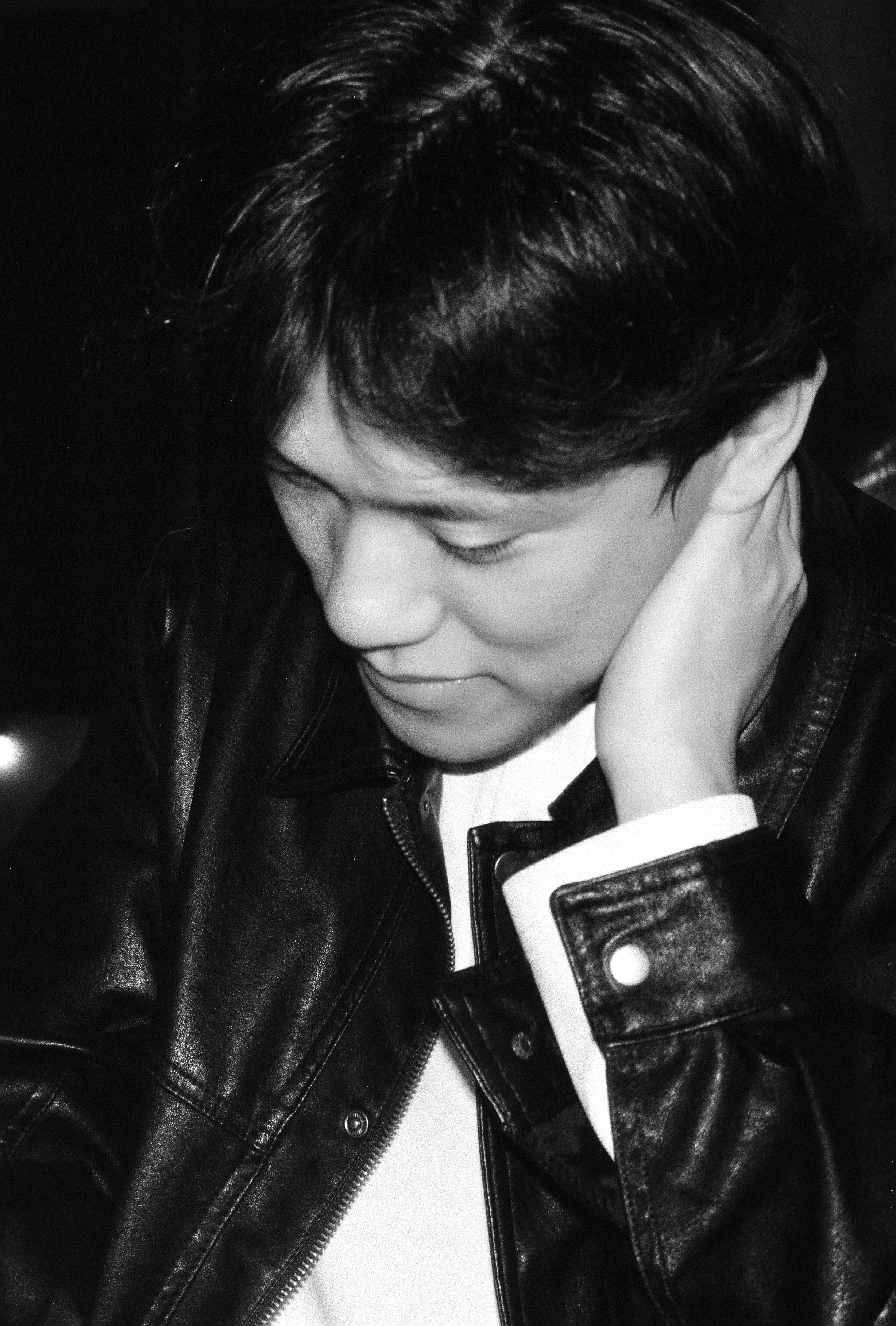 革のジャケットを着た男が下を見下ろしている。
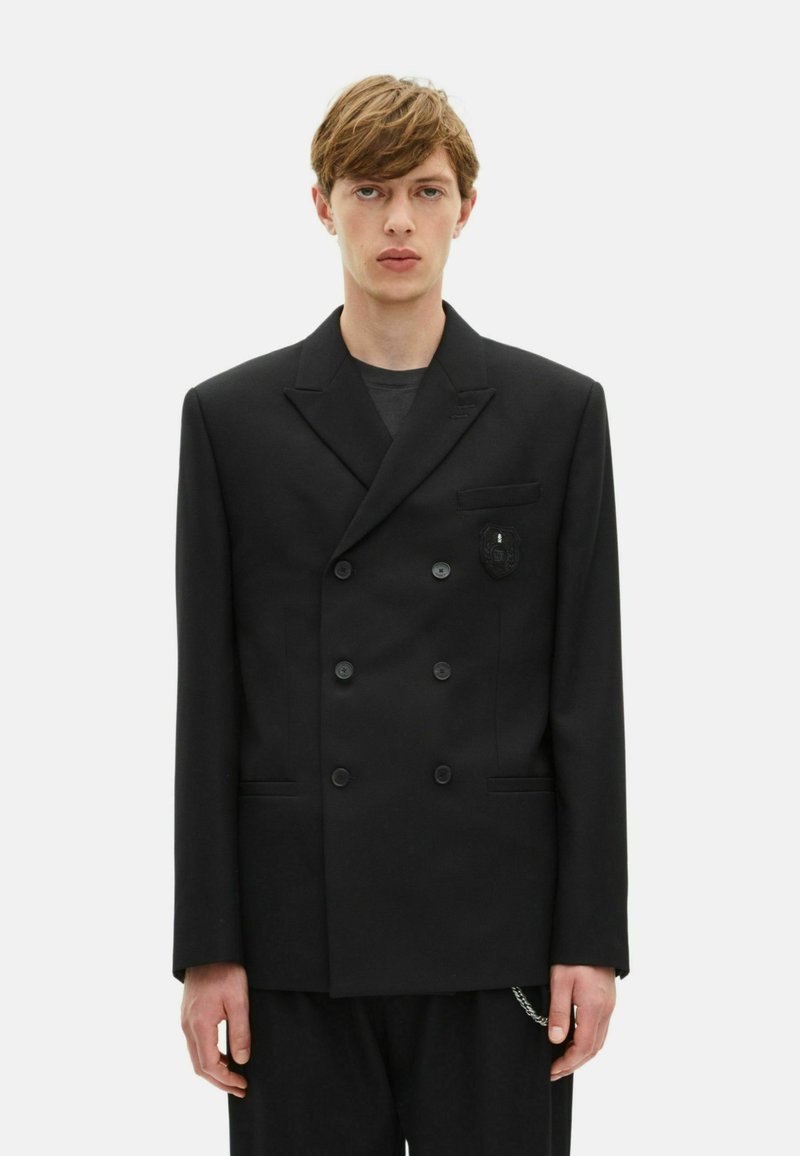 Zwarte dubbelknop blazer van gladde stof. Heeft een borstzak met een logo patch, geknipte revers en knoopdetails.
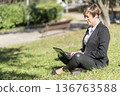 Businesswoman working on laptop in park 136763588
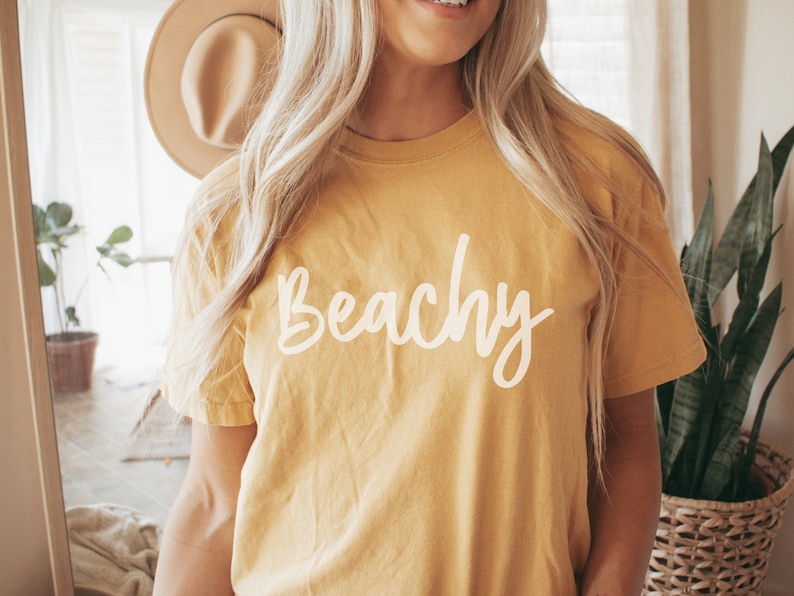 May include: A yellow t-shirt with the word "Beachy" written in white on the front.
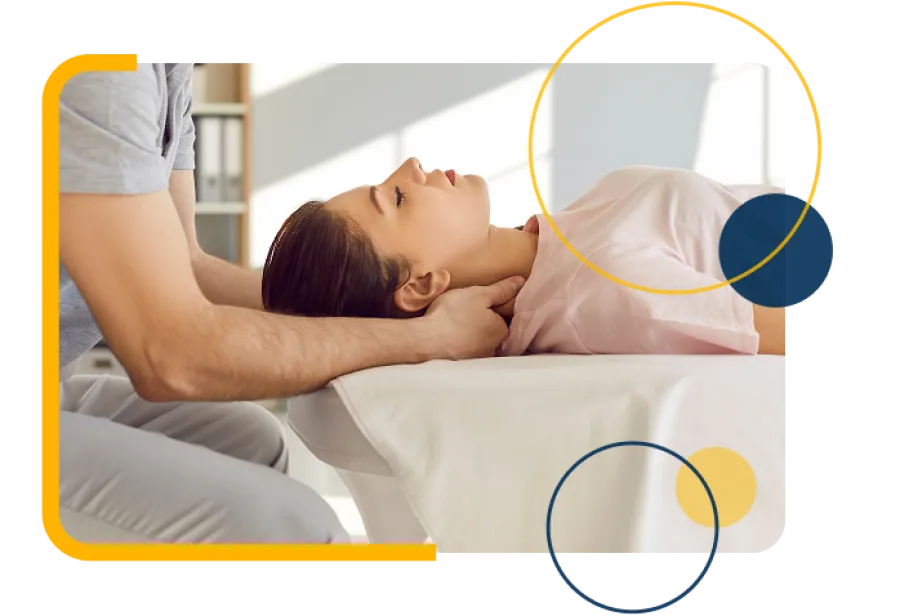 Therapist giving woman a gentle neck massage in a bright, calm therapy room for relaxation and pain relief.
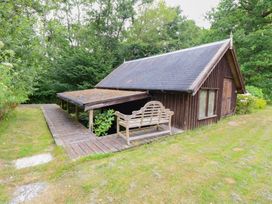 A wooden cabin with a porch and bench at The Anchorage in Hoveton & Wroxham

■ **EXERCISE GOAL**
At the line containing "Therapist giving woman", start reproducing exactly, and stop after the last line of the listing; include both ends, and leave the pictures out.

■ **THE COMPLETED TASK**
 Therapist giving woman a gentle neck massage in a bright, calm therapy room for relaxation and pain relief.
 A wooden cabin with a porch and bench at The Anchorage in Hoveton & Wroxham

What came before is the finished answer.